Akal sehat sebagai pembeda manusia dari makhluk lainnya saat ini sepertinya justru menjadi bumerang. Akal sehat sepertinya sudah tidak mampu lagi menjadi pengendali dan penterjemah yang positif ketika nafsu menjadi tameng untuk mengendalikan dan memenuhi kebutuhan dan keinganan menguasai kehidupan duniawi.
Kehidupan dunia benar-benar untuk banyak orang begitu mabuk dan memabukkan. Jalan pintas untuk cepat kaya diringi nafsu serakah (rakus) untuk berkuasa menyebabkan manusia seringkali menghalalkan segala cara untuk mencapainya.
Manusia seringkali menjadikan nafsu sebagai panglima dari segalanya. Hal ini tentu saja berakibat pada pengkambing hitaman nafsu yang begitu manipulatif oleh manusia itu sendiri untuk menjadikan mereka lebih iblis dari iblis itu sendiri.
Pada hal tidak ada yang salah dengan penciptaan Tuhan atas nafsu. Sesungguhnya dengan nafsu lah kita bersemangat untuk meraih mimpi-mimpi yang positif yang telah dibangun dari awal manusia mengenal pengetahuan.
Nafsu sesungguhnya bisa menjadi pengendali positif akan sebuah perjuangan yang berbatas tegas dengan kemampuan untuk lebih memenuhi sekedar “kebutuhan” atau “keinginan”. Nafsu juga lah yang sering menjadi perdebatan dalam kehangatan hidup berkeluarga, bernegara, berbangsa dan bermasyarakat.
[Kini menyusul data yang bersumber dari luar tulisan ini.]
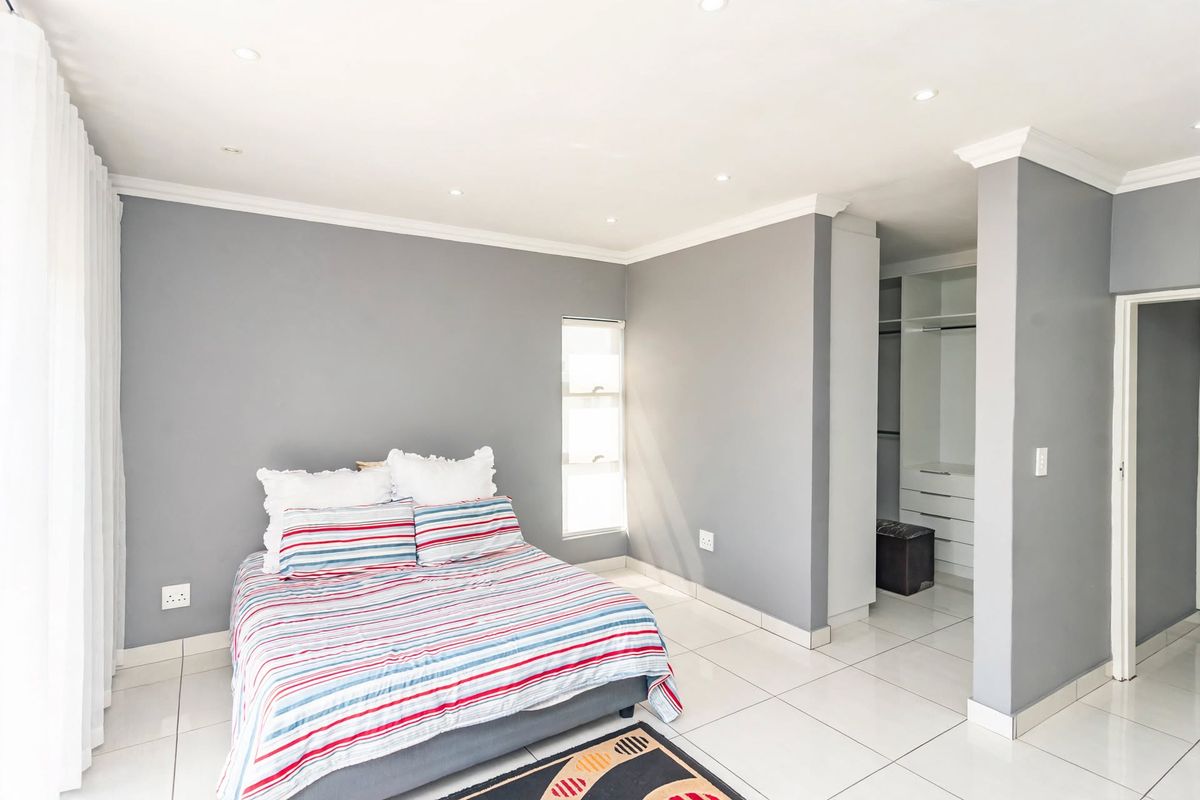 A well-maintained bedroom featuring neutral grey walls, tiled flooring, recessed downlighting, and a dedicated walk-in closet area with built-in cabinetry.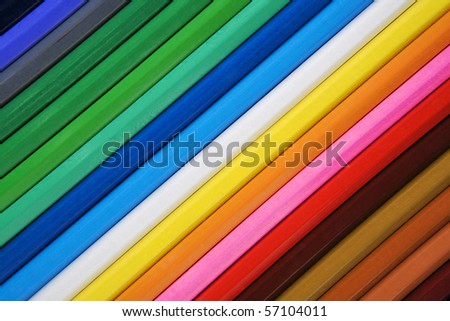 birds eye view of pencil all together in a straight line. rainbow of colours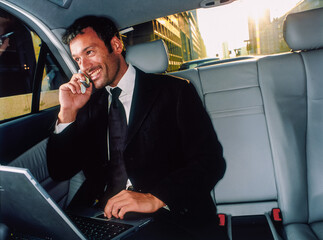 Businessman telefona e lavora al computer  seduto sul sedile posteriore di un auto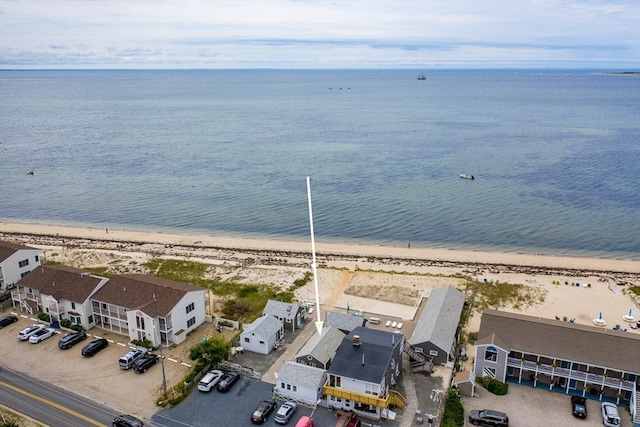 drone / aerial view with a water view and a view of the beach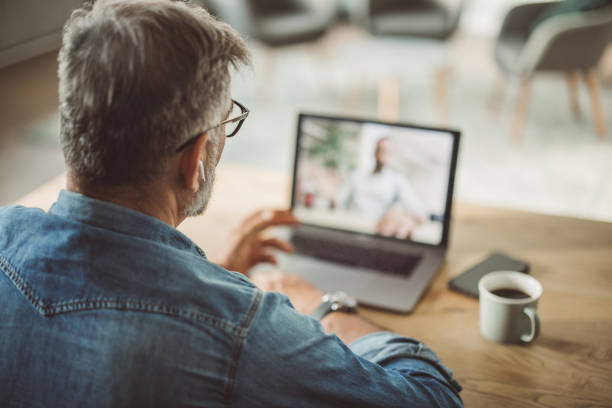 istock Mature man working from home office 1395133581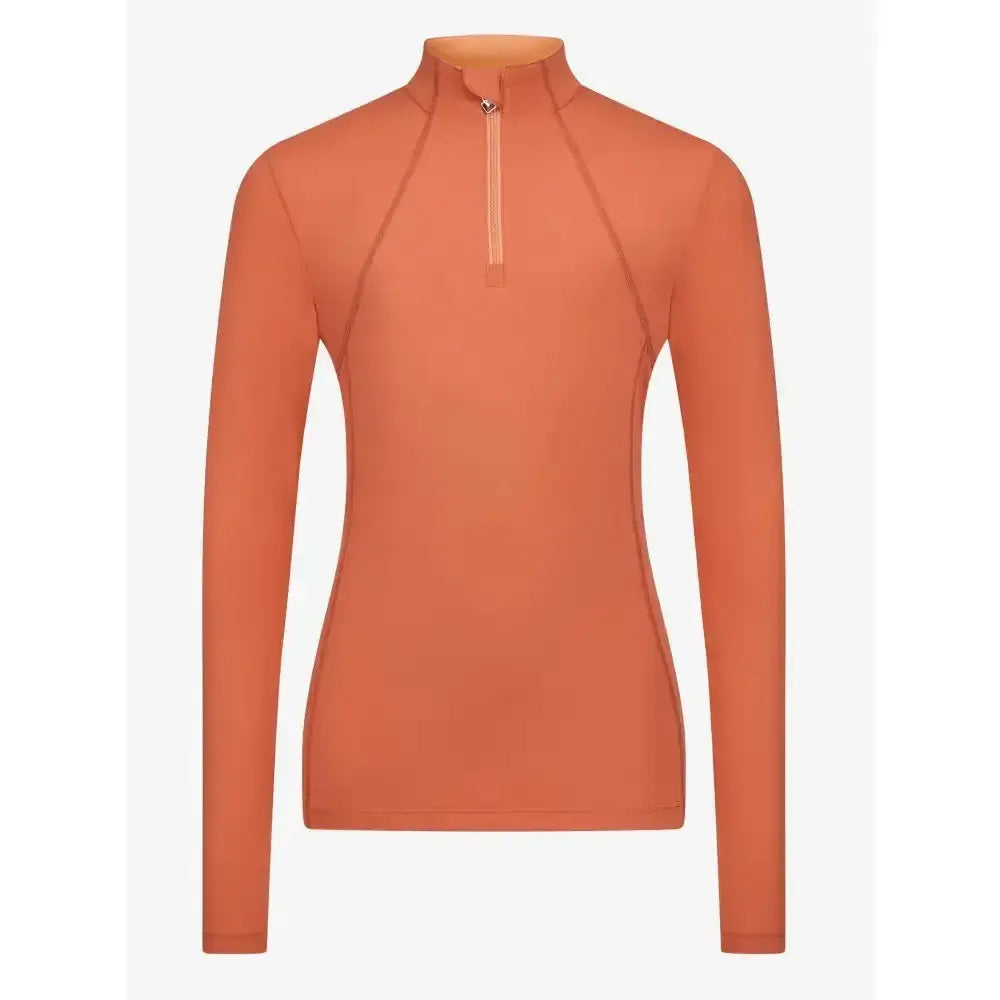 A sleek long-sleeved orange lemieux young rider base layer apricot with high collar and half-zip closure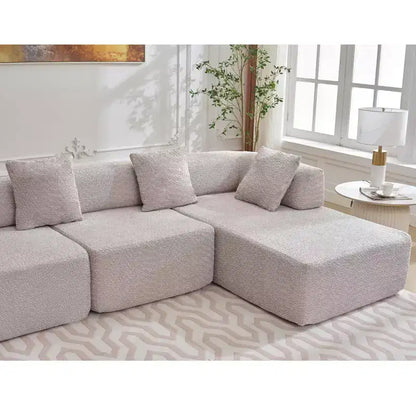 Divano componibile a L moderno da 355 cm con 4 posti, rivestimento in tessuto Boucle, 4 cuscini decorativi, nessun montaggio richiesto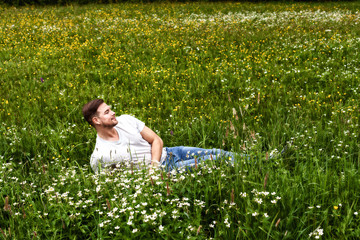 Junger Mann mit Bart liegt in einer Bergwiese und genießt den Duft der Blumen.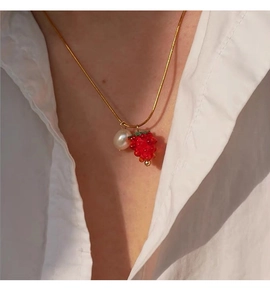 Detail of gold snake chain necklace featuring a white pearl and red berry pendant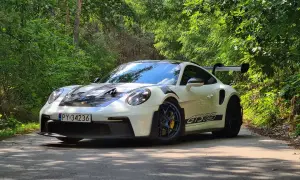 Biały Porsche 911 GT3 RS z czarnymi pasami na masce i bokach, zaparkowany na leśnej drodze. Jego cena jest wysoka, ale wrażenia z jazdy bezcenne.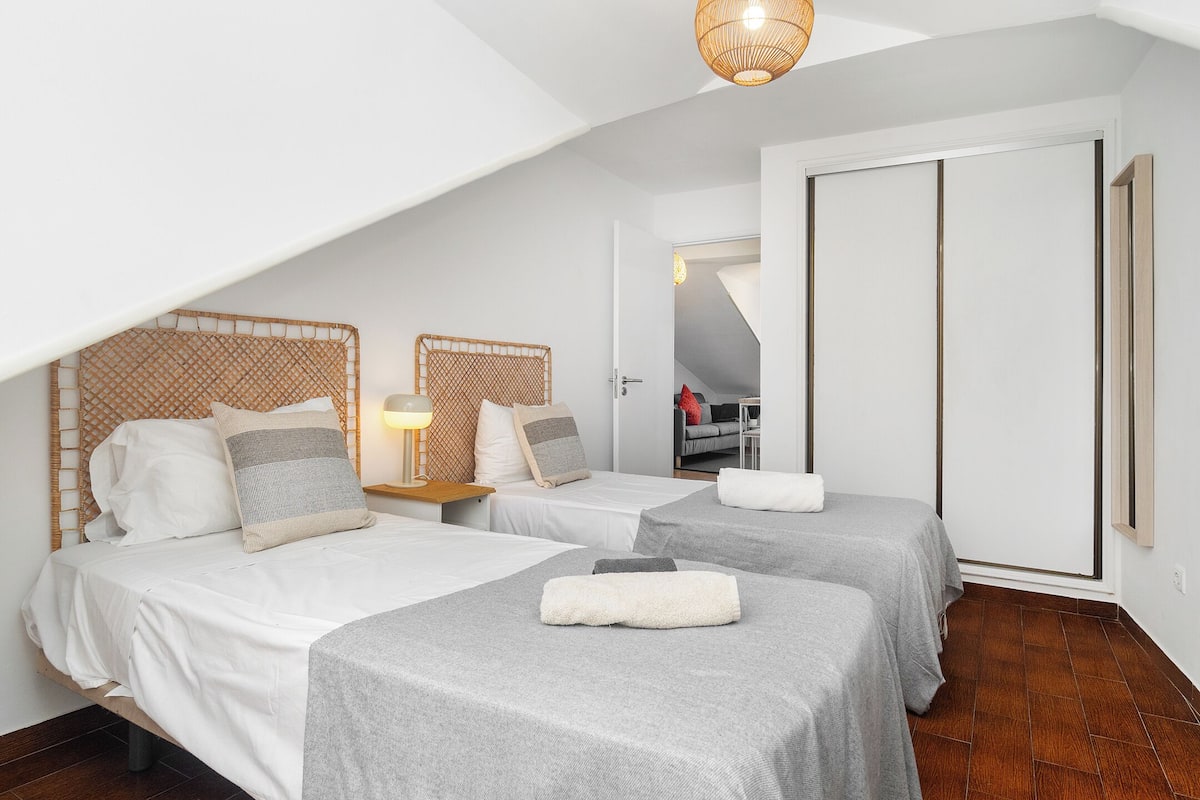 A room with two beds, a wooden headboard, a small table with a lamp, and a wardrobe.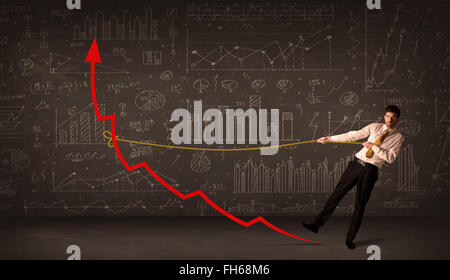 Businessman pulling a red arrow upright with a rope Stock Photo - Alamy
Nafsu yang positif itu sekaligus sangat bisa menjadi energi positif dalam memenuhi kebutuhan yang positif pula. Namun dilain waktu dan kesempatan seperti uraian diatas, manusia menjadikan nafsu sebagai panglima yang menyebabkan manusia sering gelap mata, lupa diri dan keluarga dan bahkan terkadang bisa melupakan kita sebagai manusia sebagai makhluk terhadap Sang Penciptanya.
Manusia sering mengesampingkan akal sehat yang secara sengaja atau pun tidak dapat menggelapkan suasana hati yang mulia. Manusia kehilangan kesantunannya. Manusia lupa bahwa ada Sang Pencipta.
Agama telah mengajarkan kepada ummatnya bahwa untuk memeluk sebuah keyakinan harus lah berdasarkan dan berlandaskan kepada sebuah kata bernama “logika”. Pertanyaannya adalah logika yang mana...? ternyata, logika itu adalah logika manusia yang mengikuti logika Tuhan-Nya sebagai Sang Pencipta.
Jangan di bolak balik...!!! Yaitu, jangan hanya mengandalkan logika manusia saja dan memaksa Tuhan untuk mengikuti logika kita sebagai manusia (makhluk). Kalau dilakukan maka kacau balau lah semuanya. Tidak jelas lagi yang mana hamba dan mana Sang Pencipta.
Sebagai ummat manusia (‘abdi) tidak perlu susah dan frustasi, sesungguhnya tuntunannya sudah lengkap, final, jelas dan mengikat yaitu kembali saja ke kitab-Nya serta Sunnnah Rosul-Nya untuk menemukan jalan terang dari akal sehat yang telah gelap dan luntur itu. Amiin YRA.